I always see Miss Helen Gladstone in the papers, and suppose she is with you. I don't know whether Miss Renouf is in her house.[[207]] She is a sort of god-child of mine, and her father is, without exception, the most learned Englishman I know. The daughter of such a man should be something unusual; the mother, too, is of a clever family, a Brentano.

Lady Blennerhassett gave me some accounts of you at Holmbury. Minghetti, whom I saw lately, tells me that our friend Bonghi has a Roman History in the press, which the Italians hope to set up against Mommsen. I forgot, to complete my confession, that I have never been happy about our policy with Cetewayo. But the general result of the session cannot be lamented, only it is not heroic success, such as Mr. Gladstone's supremacy and the flatness of the Opposition would demand. The great thing is his health. I did not come over, not being once summoned, so that we shall only meet at Cannes. Do talk about plans. Can there be anything before Cannes? It can never be too soon to meet.

La Madeleine Feb. 9, 1884

You make writing as difficult as living afar, by your unspeakable goodness, but also by the infusion of the contrary quality. If I promise not to attack the Government, and to believe in Lord Derby, will you agree not to hit me so hard? I cannot well help doing what I do, taking all things into consideration; and as to my tiresome book,[[208]] please to remember that I can only say things which people do not agree with, that I have neither disciple nor sympathiser, that this is no encouragement to production and confidence, that grizzled men, except ——, grow appalled at the gaps in their knowledge, and that I have no other gift but that which you pleasantly describe, of sticking eternal bits of paper into innumerable books, and putting larger papers into black boxes. There is no help for it. But your reproaches are much more distressing to read than you suppose, and make me think them better to read than to hear. Otherwise, I too would have a dream, to describe, and wish that yours came true from January 1 to December 31.

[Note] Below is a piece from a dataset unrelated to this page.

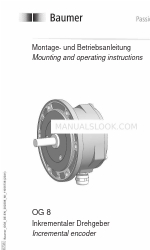 Baumer HUBNER BERLIN OG 8 설치 및 작동 지침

George[[209]] did not catch me at Marienbad, and came from Munich in a big box, only the other day. I had partly read him, but I was in a difficulty about thanking you for it with full honesty as long as I only knew it casually, by unhallowed copies. But I do thank you, if I may do so even now, most gratefully for the kindness of it altogether, and particularly for your belief that I should understand it, and care for it apart from the sender. Although in this you have flattered me; for there are points in which I dare say I do not like him as much as you do.

Do not think ill of the people they call academic Socialists. It is only a nickname for the school that is prevailing now in the German universities, with a branch in France and another in Italy, a school whose most illustrious representative in England, whose most eminent practical teacher in the world, is Mr. Gladstone. In their writings, inspired by the disinterested study of all classic economists, one finds most of the ideas and illustrations of Mr. George, though not, indeed, his argument against Malthus. This makes him less new to one; but nobody writes with that plain, vigorous directness, and I do believe that he has, in a large measure, the ideas of the age that is to come.

I am glad, too, that you like Seeley's book. It is excellent food for thought. But so is the first article in the January Quarterly.[[210]] I wrote eight pages of criticism and should have liked to send them to you instead of Maine, but perhaps you have not read him.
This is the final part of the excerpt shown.